From breastfeeding mothers to scenes compromising the modesty of ordinary people in their natural habitat, the stolen footages found their way into pornographic sites, labeled as originating from Singapore. A group apparently specializing in hacking IP cams was responsible, and its members on a messaging platform claimed to have shared more than 3TB of clips with paying subscribers.
To a lesser extent, people from Thailand, South Korea and Canada were also victimized by the hackings, reported to total 50,000 IP cams. An expert from Check Point Software had noted in the media that poor password management and software/firmware updates, and accessibility via centralized cloud services and exposed ports, were responsible for the vulnerability.
If it connects online, secure it!
Aaron Bugal, a global-solutions engineer at Sophos, advised: “When purchasing any smart device for your home, if it requires connectivity to your phone and in most cases to your local wireless network, there’s an almost certain chance that the device will use the internet to operate. Nowadays, lamps, air conditioners, lightbulbs, fridges, doorbells and even hot tubs are connected via the cloud to allow users to operate them even when they’re not at home. It’s time to associated the term ‘Smart Device’ as an internet-connected device and expect some risk with its use.”

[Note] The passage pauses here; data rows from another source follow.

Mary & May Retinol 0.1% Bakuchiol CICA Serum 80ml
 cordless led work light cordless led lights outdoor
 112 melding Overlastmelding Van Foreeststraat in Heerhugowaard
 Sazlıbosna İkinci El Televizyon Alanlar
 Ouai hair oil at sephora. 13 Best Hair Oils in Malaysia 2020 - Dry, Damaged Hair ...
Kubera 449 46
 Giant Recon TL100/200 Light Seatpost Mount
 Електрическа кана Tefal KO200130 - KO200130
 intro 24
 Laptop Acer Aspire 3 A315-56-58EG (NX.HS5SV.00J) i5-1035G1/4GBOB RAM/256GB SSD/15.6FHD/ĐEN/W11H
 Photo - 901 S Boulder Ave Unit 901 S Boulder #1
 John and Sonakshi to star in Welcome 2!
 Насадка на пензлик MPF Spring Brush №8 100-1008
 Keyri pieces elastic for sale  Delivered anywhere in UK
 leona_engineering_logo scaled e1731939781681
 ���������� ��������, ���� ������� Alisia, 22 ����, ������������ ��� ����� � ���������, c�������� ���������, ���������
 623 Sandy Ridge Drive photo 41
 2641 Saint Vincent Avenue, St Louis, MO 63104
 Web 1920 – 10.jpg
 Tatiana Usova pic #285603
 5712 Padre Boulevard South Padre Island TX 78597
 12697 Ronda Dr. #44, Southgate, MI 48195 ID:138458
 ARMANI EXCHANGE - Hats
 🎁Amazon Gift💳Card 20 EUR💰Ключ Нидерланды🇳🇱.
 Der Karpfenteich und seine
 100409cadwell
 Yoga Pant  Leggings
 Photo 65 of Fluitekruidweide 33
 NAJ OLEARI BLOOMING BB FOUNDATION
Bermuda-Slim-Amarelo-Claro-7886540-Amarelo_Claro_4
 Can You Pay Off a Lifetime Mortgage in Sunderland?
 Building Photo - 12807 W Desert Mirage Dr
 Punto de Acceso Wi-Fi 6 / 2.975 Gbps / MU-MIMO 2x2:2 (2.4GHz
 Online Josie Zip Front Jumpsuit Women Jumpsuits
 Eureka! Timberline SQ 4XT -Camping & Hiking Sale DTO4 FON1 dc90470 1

Bugal said, when choosing to use a smart device, it is imperative to read and understand the marketing material and operating manual for your device. Usually these devices when first turned on require a helper application on a phone to be used to initially configure them. “Read all the guidance these apps offer and don’t skip any steps, especially when it comes to security. Change any default passwords; if they require you to update them please do so and if you need to sign up for yet another online service, use a strong and unique password. If they offer multi-factor authentication to manage your account please also enable this.”
Another commentator, IntSights CSO Etay Maor, elaborated on the sheer vulnerability of default IoT devices: “Attackers utilize the fact that these cameras use the default passwords that came with the model of device, and their device manuals that include the passwords can be found online. Also, close ports that you do not use, so that your information does not broadcast freely. Search engines like Shodan indexes IoT devices, and allow attackers to be very specific in their searches—for example, finding hospital security cameras in Singapore. Finally, patch your devices just like how you will patch your computers operating systems. Many ransomware attacks are on devices that are not properly patched and secured.”
Turn them off when unneeded
Maor said organizations usually take measures for securing their devices before using them, and monitor network traffic of the devices in use. However, home users have been adding more IoT devices to their homes without looking into the security features. “Users need to understand that similar to your banking applications or social media accounts, devices like the cameras at home need to have the same level of security hygiene,” especially if they are meant to be left operating 24/7.
For this, Bugal advised the public to reconsider the always-on nature of these gadgets: “If you currently have any form of audio and/or visual recording device within your living space, web cam, smart speaker, and so on—ask yourself, do I really need this turned on all the time? Then ensure you know how to manage the device: is it via an application on your phone or does it have a webpage accessible from the cloud? Log into these and look for a security or privacy configuration area: these will allow you to control if information recorded should be saved and where; and choose the option that best suits you.”
Additionally, password hygiene has to extend beyond the IP cam: if the use of the cloud is mandatory as with many of the newer devices, ensure your account for the cloud service is secured with a unique password (one that is not used with any other account) and if you have the option of turning on multi-factor authentication please do so. These steps will limit the ability of hackers logging into your account and stealing any recorded information.